→ **Exercise aim**: Extract the records in full, leaving every picture out.

BEGIN

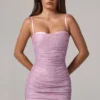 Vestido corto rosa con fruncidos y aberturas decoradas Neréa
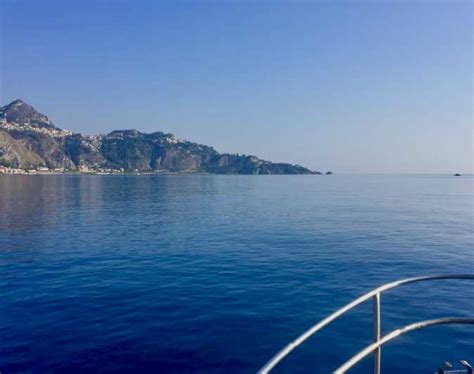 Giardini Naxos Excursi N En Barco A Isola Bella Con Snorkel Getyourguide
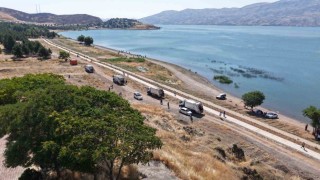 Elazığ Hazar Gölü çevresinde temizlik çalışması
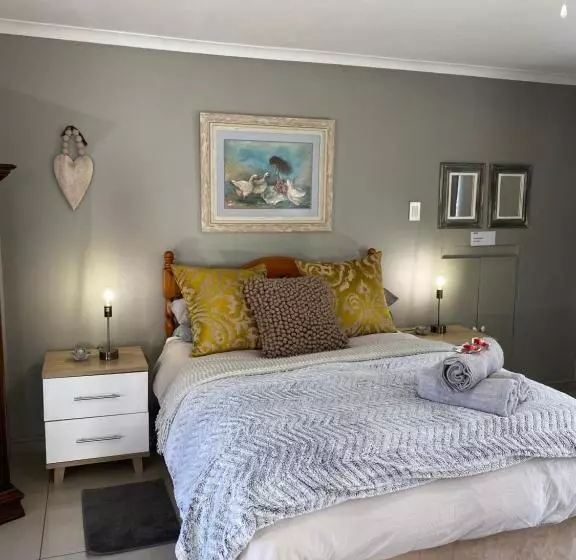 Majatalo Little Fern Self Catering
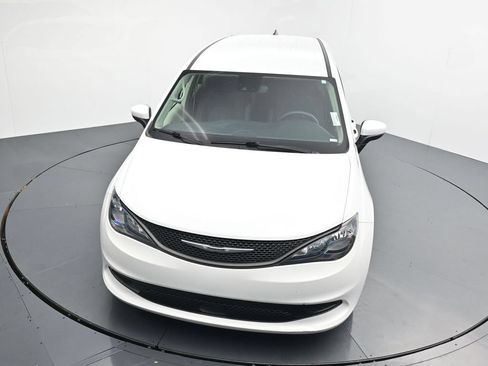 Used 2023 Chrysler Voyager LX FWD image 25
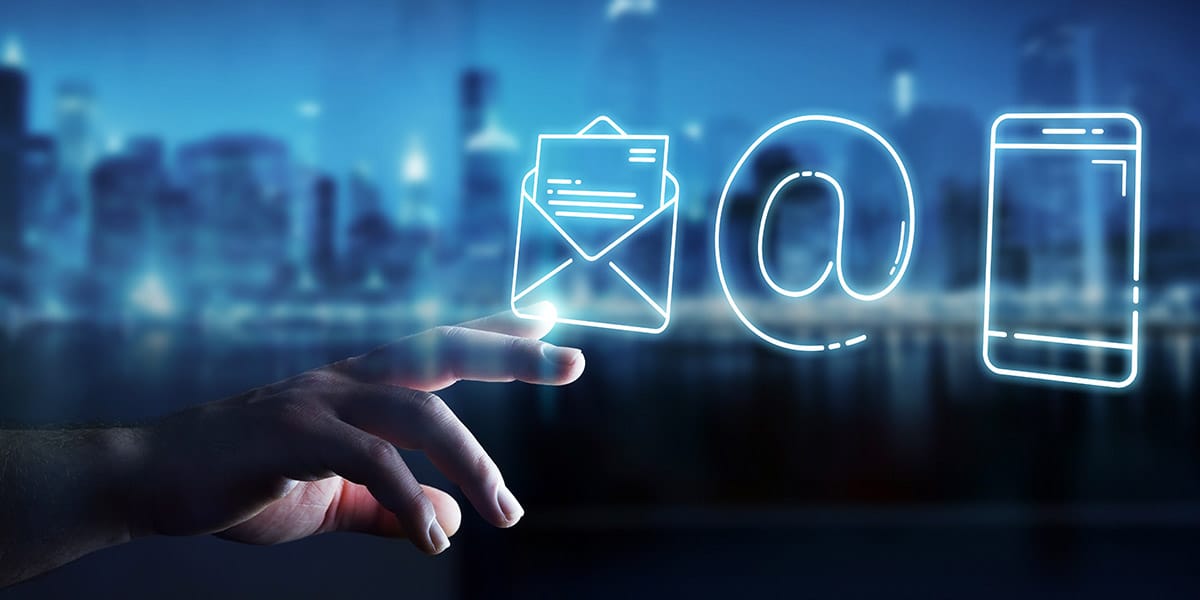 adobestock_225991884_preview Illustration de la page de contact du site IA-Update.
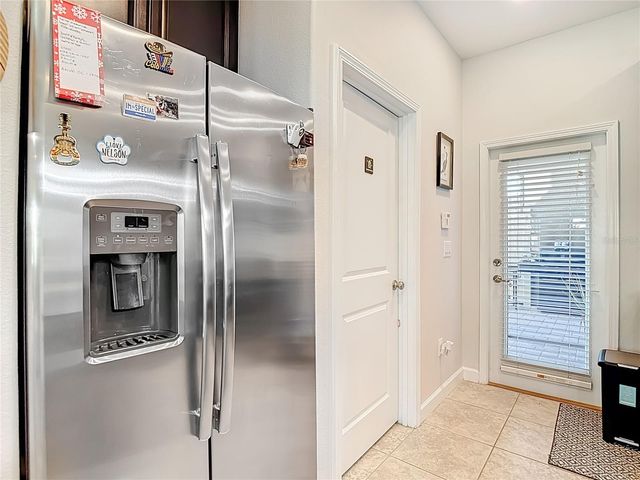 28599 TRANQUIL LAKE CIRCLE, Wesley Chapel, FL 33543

END

→ **Written solution**:
 Vestido corto rosa con fruncidos y aberturas decoradas Neréa
 Giardini Naxos Excursi N En Barco A Isola Bella Con Snorkel Getyourguide
 Elazığ Hazar Gölü çevresinde temizlik çalışması
 Majatalo Little Fern Self Catering
 Used 2023 Chrysler Voyager LX FWD image 25
 adobestock_225991884_preview Illustration de la page de contact du site IA-Update.
 28599 TRANQUIL LAKE CIRCLE, Wesley Chapel, FL 33543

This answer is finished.